The US Dollar Index (DXY), which measures the value of the US Dollar (USD) against six major currencies, rises toward three-month highs and is trading around 99.50 at the time of writing. Traders will now focus on the upcoming US Personal Consumption Expenditures (PCE) data due Friday for further policy clues.

US Consumer Price Index (CPI) released on Wednesday showed inflation rising 0.3% month-over-month (MoM) in February and 2.4% year-over-year (YoY), largely in line with market expectations. Core CPI, which excludes food and energy, increased 0.2% MoM and 2.5% YoY.

The relatively steady inflation figures reduced fears of a sudden surge in price pressures and reinforced expectations that the Federal Reserve may keep interest rates steady in the near term. Analysts note that the latest CPI report does not yet fully reflect the recent surge in oil prices caused by geopolitical developments.

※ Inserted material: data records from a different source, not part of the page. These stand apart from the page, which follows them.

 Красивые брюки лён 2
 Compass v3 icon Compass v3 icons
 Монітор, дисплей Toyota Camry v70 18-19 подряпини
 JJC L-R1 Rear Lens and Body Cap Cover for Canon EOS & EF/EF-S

The New Zealand Dollar (NZD) remains pressured as investors stay cautious amid rising geopolitical tensions in the Middle East. Surging energy prices are also fueling inflation concerns in New Zealand, with analysts expecting domestic price pressures to stay more persistent than previously anticipated, reinforcing expectations of further tightening by the Reserve Bank of New Zealand (RBNZ).

New Zealand Dollar FAQs

The New Zealand Dollar (NZD), also known as the Kiwi, is a well-known traded currency among investors. Its value is broadly determined by the health of the New Zealand economy and the country’s central bank policy. Still, there are some unique particularities that also can make NZD move. The performance of the Chinese economy tends to move the Kiwi because China is New Zealand’s biggest trading partner. Bad news for the Chinese economy likely means less New Zealand exports to the country, hitting the economy and thus its currency. Another factor moving NZD is dairy prices as the dairy industry is New Zealand’s main export. High dairy prices boost export income, contributing positively to the economy and thus to the NZD.

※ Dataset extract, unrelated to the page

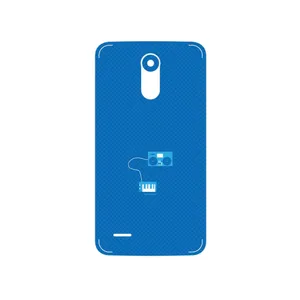 MAHOOT Minimal DJ Icon Cover Sticker for LG Stylus 3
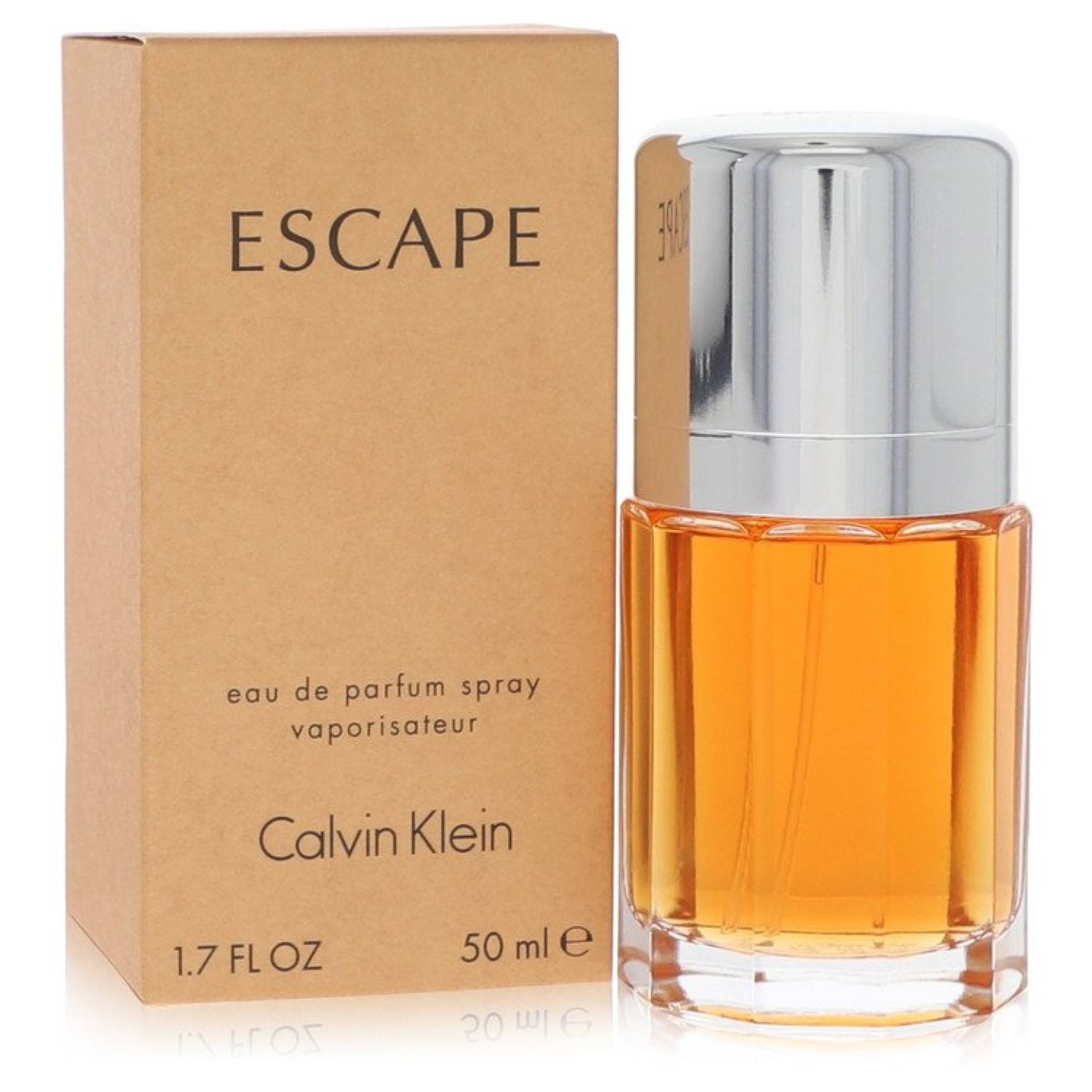 Calvin Klein ESCAPE Eau De Parfum Spray 50 ml von Calvin Klein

The Reserve Bank of New Zealand (RBNZ) aims to achieve and maintain an inflation rate between 1% and 3% over the medium term, with a focus to keep it near the 2% mid-point. To this end, the bank sets an appropriate level of interest rates. When inflation is too high, the RBNZ will increase interest rates to cool the economy, but the move will also make bond yields higher, increasing investors’ appeal to invest in the country and thus boosting NZD. On the contrary, lower interest rates tend to weaken NZD. The so-called rate differential, or how rates in New Zealand are or are expected to be compared to the ones set by the US Federal Reserve, can also play a key role in moving the NZD/USD pair.

Macroeconomic data releases in New Zealand are key to assess the state of the economy and can impact the New Zealand Dollar’s (NZD) valuation. A strong economy, based on high economic growth, low unemployment and high confidence is good for NZD. High economic growth attracts foreign investment and may encourage the Reserve Bank of New Zealand to increase interest rates, if this economic strength comes together with elevated inflation. Conversely, if economic data is weak, NZD is likely to depreciate.

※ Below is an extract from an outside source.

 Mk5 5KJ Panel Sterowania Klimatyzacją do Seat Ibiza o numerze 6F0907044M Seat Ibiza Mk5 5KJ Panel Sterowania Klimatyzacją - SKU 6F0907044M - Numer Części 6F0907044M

The New Zealand Dollar (NZD) tends to strengthen during risk-on periods, or when investors perceive that broader market risks are low and are optimistic about growth. This tends to lead to a more favorable outlook for commodities and so-called ‘commodity currencies’ such as the Kiwi. Conversely, NZD tends to weaken at times of market turbulence or economic uncertainty as investors tend to sell higher-risk assets and flee to the more-stable safe havens.